In an article in the June 22, 2011 New York Times, reporter Binyamin Appelbaum led by arguing that “The Federal Reserve hoped that its three-year-old economic rescue campaign would reach a climax at the end of June. It hoped that consumers and businesses by now would be spending more and more, and the central bank could start doing less and less.” Only further down the page did the Times cite the Fed’s (historically justified) reason: “The Fed has made clear that it its primary focus is on the pace of inflation.”
Also buried was the fact that “almost 25 million Americans cannot find full-time work, a number that is rising again.” The Times considered that worthy of the 11th paragraph, while the claim that “Economic forecasters…say that they underestimated the impact of the Japanese earthquake on the production of cars and other goods” qualified for the fourth.
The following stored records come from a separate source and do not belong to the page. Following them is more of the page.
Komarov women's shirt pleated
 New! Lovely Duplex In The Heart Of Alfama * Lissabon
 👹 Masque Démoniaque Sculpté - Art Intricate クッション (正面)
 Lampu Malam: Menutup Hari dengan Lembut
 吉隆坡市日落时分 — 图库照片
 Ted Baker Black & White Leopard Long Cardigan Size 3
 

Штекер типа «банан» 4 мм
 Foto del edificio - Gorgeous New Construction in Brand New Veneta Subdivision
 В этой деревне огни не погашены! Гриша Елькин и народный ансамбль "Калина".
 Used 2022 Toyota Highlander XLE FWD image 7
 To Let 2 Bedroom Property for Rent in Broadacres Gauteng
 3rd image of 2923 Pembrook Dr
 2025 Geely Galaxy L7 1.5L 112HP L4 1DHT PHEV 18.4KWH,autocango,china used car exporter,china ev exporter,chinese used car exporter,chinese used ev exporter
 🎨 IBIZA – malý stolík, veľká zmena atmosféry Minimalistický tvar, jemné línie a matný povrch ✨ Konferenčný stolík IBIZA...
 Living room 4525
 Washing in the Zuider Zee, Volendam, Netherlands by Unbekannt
Additionally, the Times buries the central point of the article; namely that “When the economy faltered last summer, the Fed announced a giant stimulus program. This year, the leaders of the central bank have shown little appetite for another intervention.” Indeed, despite the claim that “the Fed is frozen” it is apparent that the Federal Open Market Committee is wary of the potential for inflation from excessive monetary easing, although they do not expect it over the long run.
The Times claims also that forecasters “point to a lack of confidence” which the Times calls an “elusive concept that basically defines the willingness of consumers and businesses to spend more money than is justified by current circumstances.” This characterization misses the point of the theory of rational forward-looking expectations. Expectations theory explains how present economic conditions, policies, and trust become Keynes’s “animal spirits” that drive investment. Also, as economist Arnold Kling notes, it goes against the general principles of economics to assume that “spend[ing] more money than is justified” is good. Rather, one must expect that “current circumstances” will improve enough to create returns for investment and consumer spending to occur.
The Times also buries in the second-to-last paragraph a notable claim by Fed Chairman Ben Bernanke. The Times notes that Chairman Bernanke has said that “a long-term plan to reduce spending could increase growth.”